Precision Targeting of the Malignant Clone in Diffuse Large B Cell Lymphoma Using Chimeric Antigen Receptor T Cells Against the Clonotypic IGHV4-34 B Cell Receptor

Introduction: CD19-directed Chimeric Antigen Receptor T cell (CART19) immunotherapy has revolutionized the treatment of B cell lymphoma. However, most CART19-treated patients either fail to respond or show disease progression after an initial response. In fact, up to 30% of lymphoma relapses following CART19 show loss of CD19 expression. In addition, several patients who respond well to CART19 display complete loss or severe reduction of their normal B cell repertoire, leaving them exposed to recurrent infections, limited response to vaccines, and requiring prophylactic measures such as intravenous immunoglobulins.

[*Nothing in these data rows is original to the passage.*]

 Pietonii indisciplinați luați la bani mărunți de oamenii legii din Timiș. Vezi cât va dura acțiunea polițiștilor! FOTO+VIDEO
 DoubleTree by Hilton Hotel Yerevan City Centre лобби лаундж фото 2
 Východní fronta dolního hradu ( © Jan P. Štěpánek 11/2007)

A significant portion of mature B cell malignancies express B cell receptors (BCR) that use the same immunoglobulin heavy variable gene: IGHV4-34. In particular, ~30% of activated B cell (ABC) diffuse large B cell lymphomas (DLBCL), ~35% of primary central nervous system lymphomas, ~65% of vitreoretinal lymphomas, and ~35% of hairy cell leukemia variant express IGHV4-34. This suggests that the IGHV4-34 heavy chain is critical for driving the disease by delivering cell survival and proliferation signals, and multiple studies have shown that BCR signaling is required for ABC-DLBCL survival. However, while highly enriched in several types of B cell lymphomas, IGHV4-34 expressing B cells compose only ~5% of the normal B cell repertoire of healthy individuals.

Therefore, we hypothesized that anti-IGHV4-34 CAR T cells would be highly effective and safe against B cell malignancies, as they would: (i) efficiently recognize IGHV4-34+ lymphoma cells while sparing normal B cells; and (ii) target a tumor driver that is essential for lymphoma cell survival ( Fig 1A).

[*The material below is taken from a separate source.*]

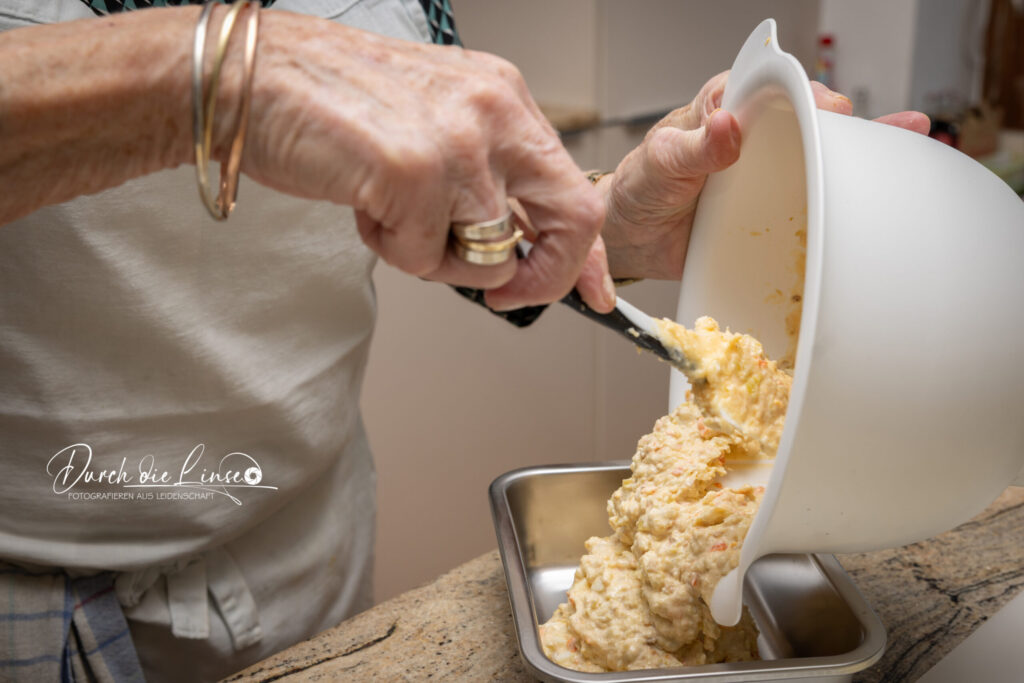 Forever Active, 83-jährige in der Küche beim Brötchen machen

Methods and Results:We developed a novel CAR construct (CD8-41BB-CD3z) targeting the IGHV4-34+ BCR (CART4-34) using a single-chain variable fragment (scFv) derived from the 9G4 rat monoclonal antibody. We used tumor B cells that endogenously (HBL1) or exogenously (Jeko1, Bonna12, Mec1) express the IGHV4-34 BCR. Using cytotoxicity, cytokine secretion and proliferation assays in vitro we showed that CART4-34 specifically target all IGHV4-34+ tumor B cells tested while sparing IGHV4-34- tumor B cells and, most importantly, healthy B cells. However, while the initial CART4-34 showed strong cytotoxicity towards IGHV4-34+ cells in short-term in vitro assays, they were significantly inferior to CART19 in in vivo xenograft models.

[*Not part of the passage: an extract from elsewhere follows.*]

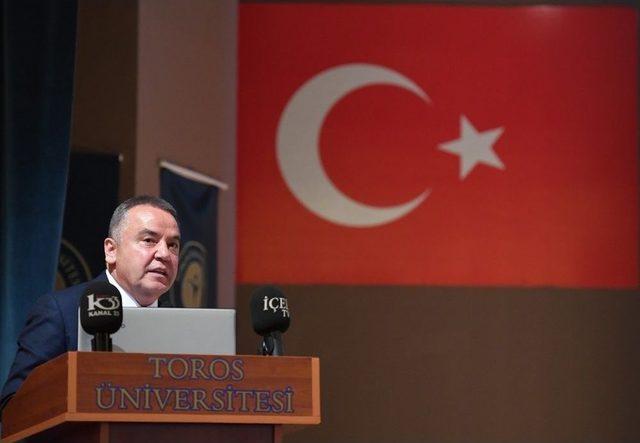 Başkan Böcek, Konyaaltı’nı Anlattı 1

We hypothesized that the poor performance of CART4-34 compared to CART19 was due to the unique challenge of targeting the membrane-distal portion of the BCR, 18 nm from the plasma membrane. In contrast, CART19 targets an epitope of CD19 located just 5 nm from the membrane ( Fig 1B). Therefore, to improve immune synapse (IS) formation, we designed new CAR constructs with smaller extracellular domains by replacing the original CD8 hinge (44 amino acids (aa)) with either: (i) a short version of the IgG4 hinge (12aa); or (ii) a G4S linker (5aa). We found that both CART4-34 (IgG4) and CART4-34 (G4S) exhibited significantly improved cytotoxicity towards IGHV4-34+ tumor cells in short-term and long-term in vitro assays in all IGHV4-34+ cell lines tested, while maintaining specificity. Importantly, in in vivo human xenograft models of IGHV4-34+ lymphoma (HBL1), CART4-34 with short hinges showed significantly improved tumor control comparable to, or better than, CART19 ( Fig 1B). We also found that while CART19-resistant lymphoma cells had complete loss of CD19 surface expression, CART4-34-resistant tumor cells retained high expression of IgM, suggesting a reduced likelihood of antigen-negative escape owing to the critical role of the BCR for lymphoma B cell survival.

Mechanistically, we found that while the original CART4-34 (CD8 hinge) formed IS with striking morphological differences compared to IS formed by CART19, the IS formed by CART4-34 with short hinges highly resembled those formed by CART19, providing a rationale for the improved anti-tumor potency of short-hinge CART4-34.

Conclusion:We implemented a novel paradigm for the treatment of B cell malignancies: the specific targeting of the malignant clone, while sparing the remainder of the healthy B cell repertoire. We designed and optimized a best-in-class anti-IGHV4-34 CAR T cell product with potent anti-tumor effects and minimal toxicity towards IGHV4-34-negative B cells. The activity of CART4-34 will be investigated in a Phase I clinical trial.